On Sunday, it looks like the skies will part, angels will sing, and the Jays will finally dodge an opponent's ace starter. Not only are the White Sox giving unhittable wordsmith Chris Sale an extra day of rest - Chicago's next opponents are the first-place Orioles. Win-win. In Sale's place will be 29-year-old rookie righty Scott Carroll, a sinker artist whose performance depends on fastball movement. The White Sox signed him as a minor-league free agent before the year, and he's rewarded them with 91.2 competent innings. Carroll is struggling with lefty hitters (.305/.380/.500) and with blisters - the blisters didn't help him in his last outing, when he got bombed by the Mariners, and the White Sox had to skip his start Wednesday in favor of Jose Quintana (another pitcher we fortuitously won't see this weekend). Carroll's sense of humor grades out as an 80* with plus-plus faux sincerity, and he would like you to know that Scott Carroll will endorse anything!
*Searching Google for "grades out as a 70" returns 13,200 results. Searching for "grades out at a 70" returns 11,900. Which one is correct? If they're both okay, which one is better?
As for the bats, this is Jose Abreu's team, and it will be for the foreseeable future. He still leads the AL in homers, RBI and slugging. Everyone raves about how level-headed Abreu is, a quality which will serve him well if pitchers continue to pitch around him. He's in a bit of a power slump - hitting .262/.380/.286 in August, hasn't homered in two weeks.
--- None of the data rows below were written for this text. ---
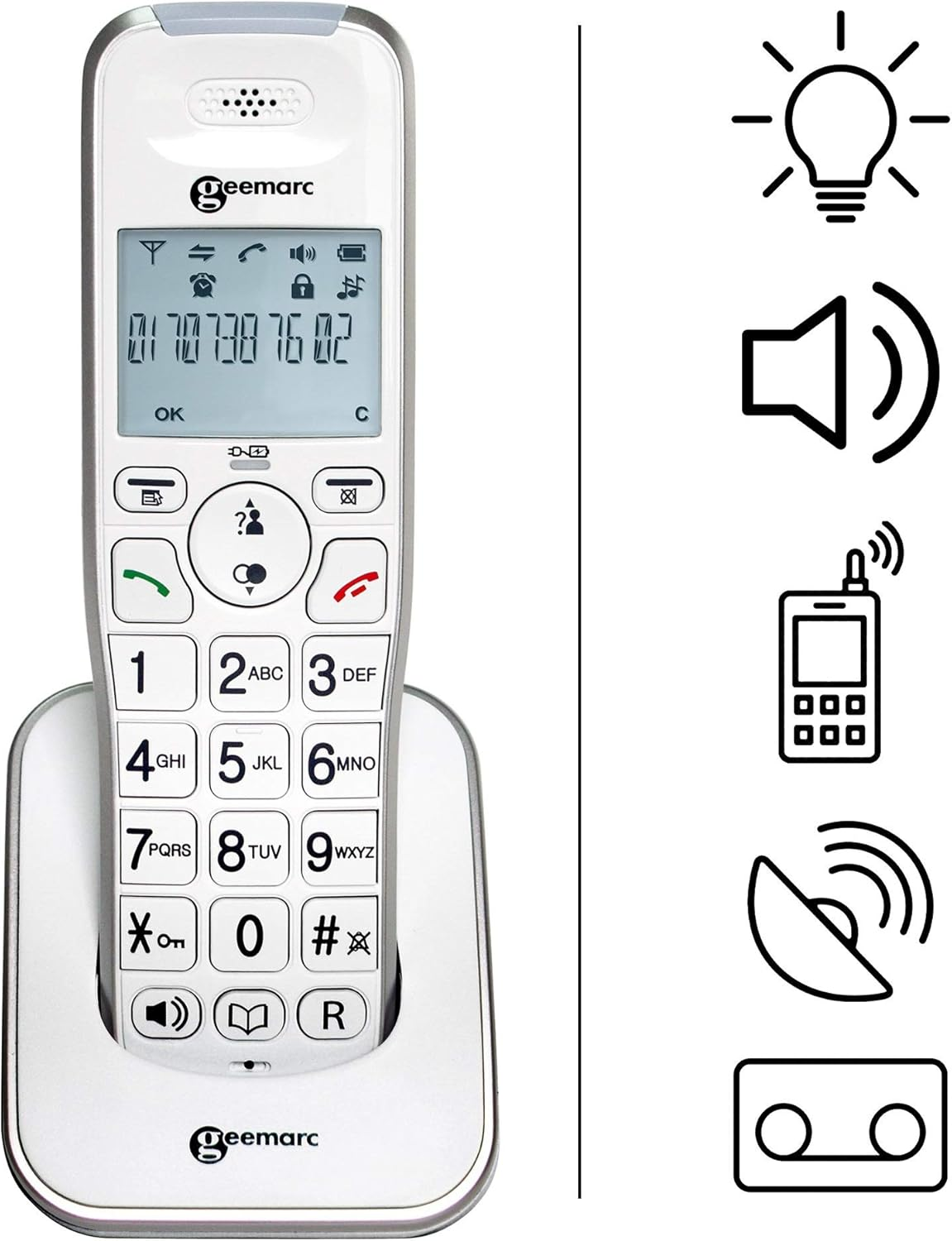 Geemarc Amplidect 595 U.L.E Highly Amplified (50Db) Cordless Phone + Extra Twin Handset - Phone for the Hard Hearing - Hearing Aid Compatible (T-Coil) image number 6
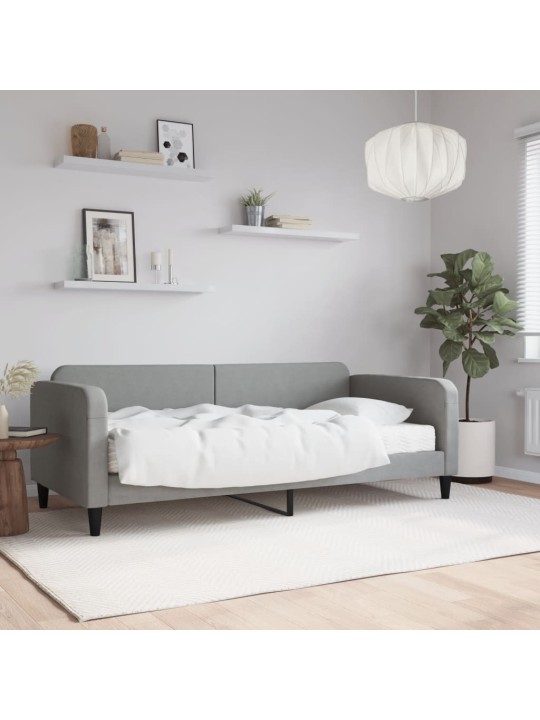 Válenda s matrací světle šedá 90 x 190 cm textil
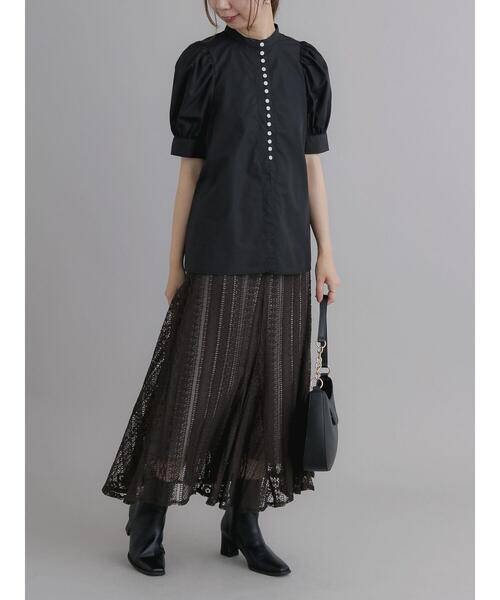 Te chichi(テチチ)の「フロント多ボタンブラウス(シャツ/ブラウス・レディース・ブラック/オフホワイト・F)」の5枚目の写真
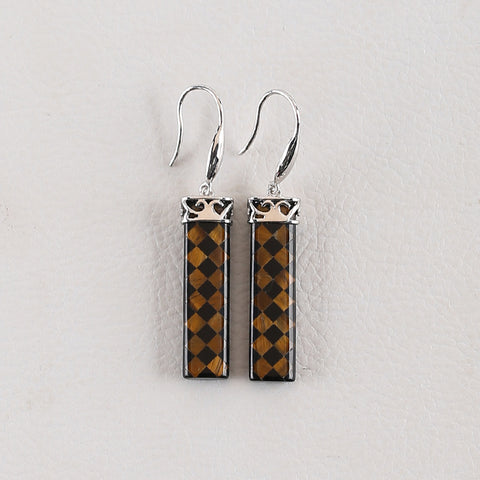 Natural Stone Tiger-Eye, Obsidian Intarsia Earrings With 925 Sterling Silver, 31x8x4mm, 6g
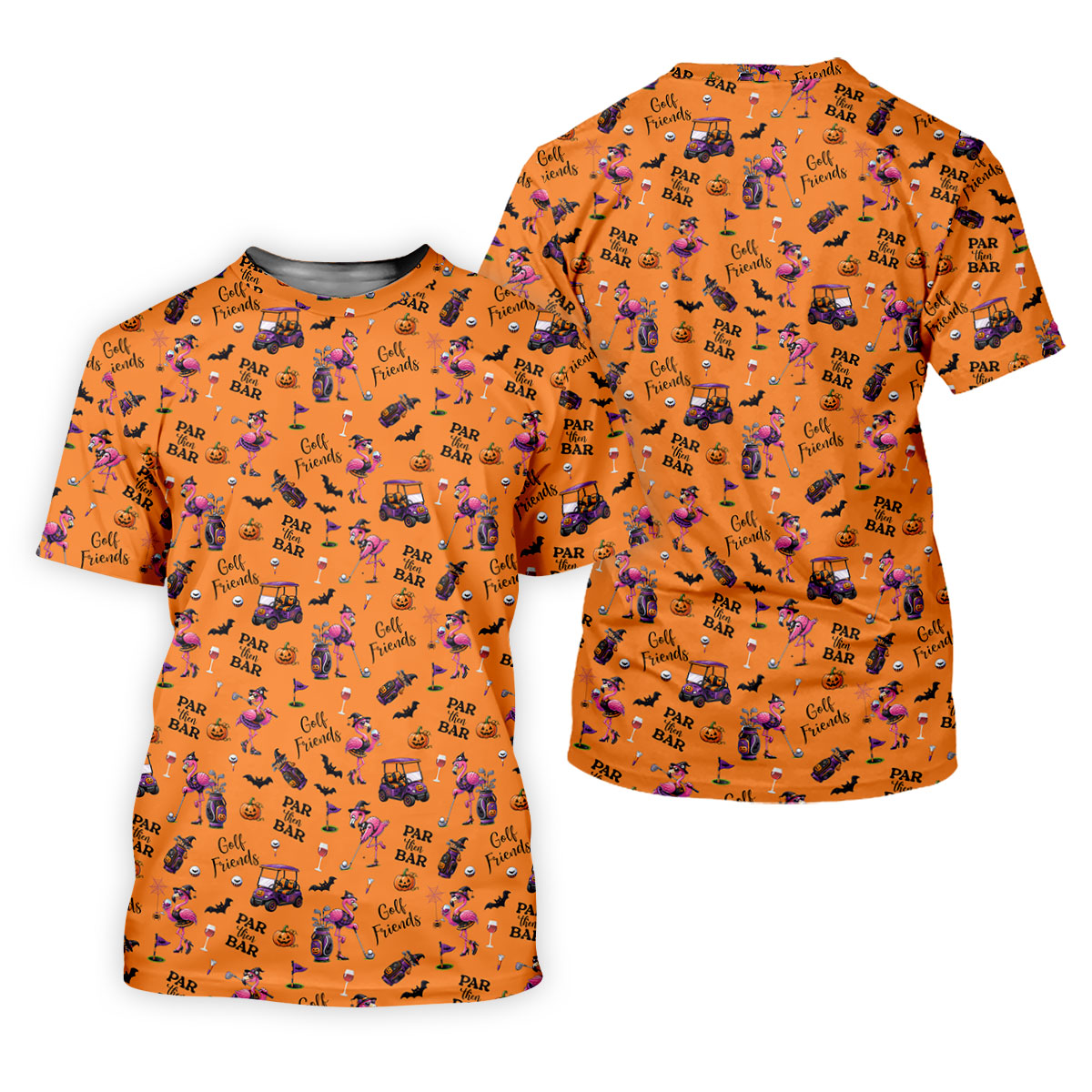 Orange Par Then Bar Flamingo Halloween Shirt, Golf Shirts For Women, Ladies Golf Tops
It seems that most righty rookie power hitters have a stretch like this, where the pitchers collectively embargo the strike zone because they're sick of getting pounded by this guy, and his walks or strikeouts go up. (And if it's the walks, the homers return pretty quickly.) So far, Abreu is doing OK - 5 walks, 8 strikeouts this month. I'd never realized how strong the Cuban presence on the White Sox is - Abreu, Alexei Ramirez, Dayan Viciedo, and even backup catcher Adrian Nieto are all expats. Abreu may not be a gold glover, but they still play him at first base most of the time, since they need Adam Dunn's big lefty bat in the lineup.
For a guy who was once accused of not really liking baseball, Dunn has certainly carved out a respectable career. In his 14 big-league seasons he's hit 459 home runs, more than any active big-leaguer* except Albert Pujols, and drawn 1308 walks, more than anyone except Jason Giambi and Bobby Abreu. After a disastrous first season in Chicago, Dunn has been a productive hitter three years running. Tons of walks, tons of strikeouts, tons of homers; some of the homers are starting to turn into walks, as they often do for power hitters in their mid-30s. Dunn usually occupies the DH slot. That's his natural position, of course, and being the regular DH on a team that also starts Abreu and Viciedo every day is quite the honor. Dunn was pressed into outfield duty on the Sox' trip to San Francisco this week, with predictably amusing results - he doesn't know his own strength. He's also the eighth or ninth man in the Sox bullpen (Dunn and jack-of-all-trades Leury Garcia have both pitched this year), and he features a nasty breaking ball in the high 70s. Here's more on Dunn's pitching escapade from Fangraphs and August Fagerstrom.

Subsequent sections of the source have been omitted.